Exercise directions:
Your copy should hold only the lines from the one with "Defilierende Kavallerie am" to the one with "Le dirigeant To", both included, each exactly as it stands below, with no pictures.

Material provided:
= Beginning of Section =

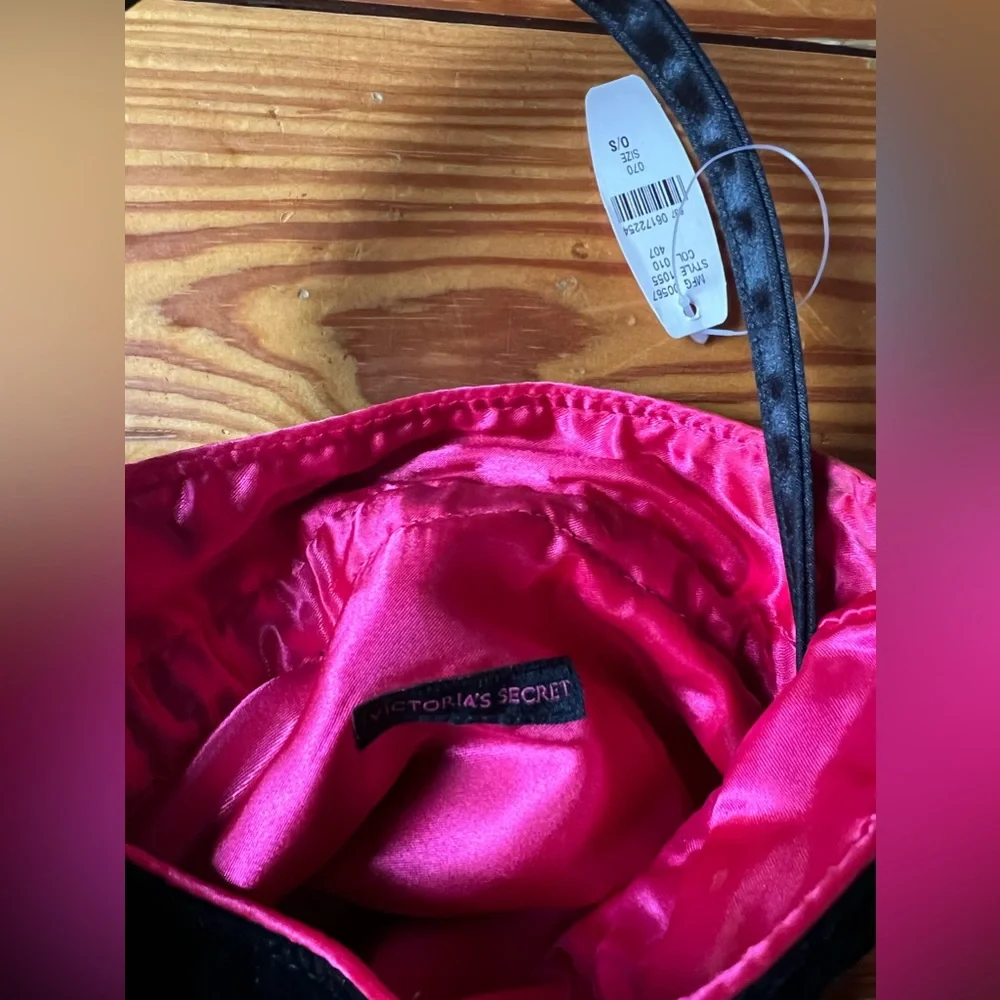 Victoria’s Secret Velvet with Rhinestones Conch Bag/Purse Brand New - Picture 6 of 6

= End of Section =
= Beginning of Section =

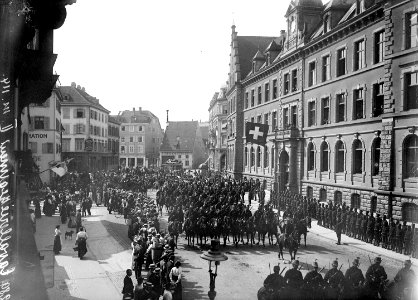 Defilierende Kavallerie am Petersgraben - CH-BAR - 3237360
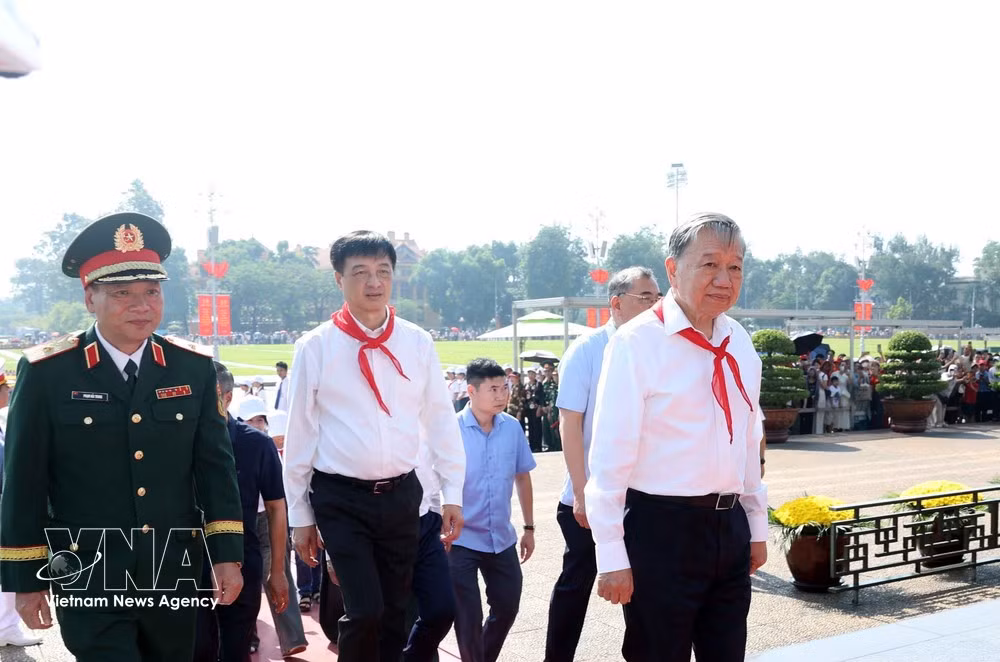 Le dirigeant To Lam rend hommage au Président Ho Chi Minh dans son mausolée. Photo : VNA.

= End of Section =

Exercise response:
 Defilierende Kavallerie am Petersgraben - CH-BAR - 3237360
 Le dirigeant To Lam rend hommage au Président Ho Chi Minh dans son mausolée. Photo : VNA.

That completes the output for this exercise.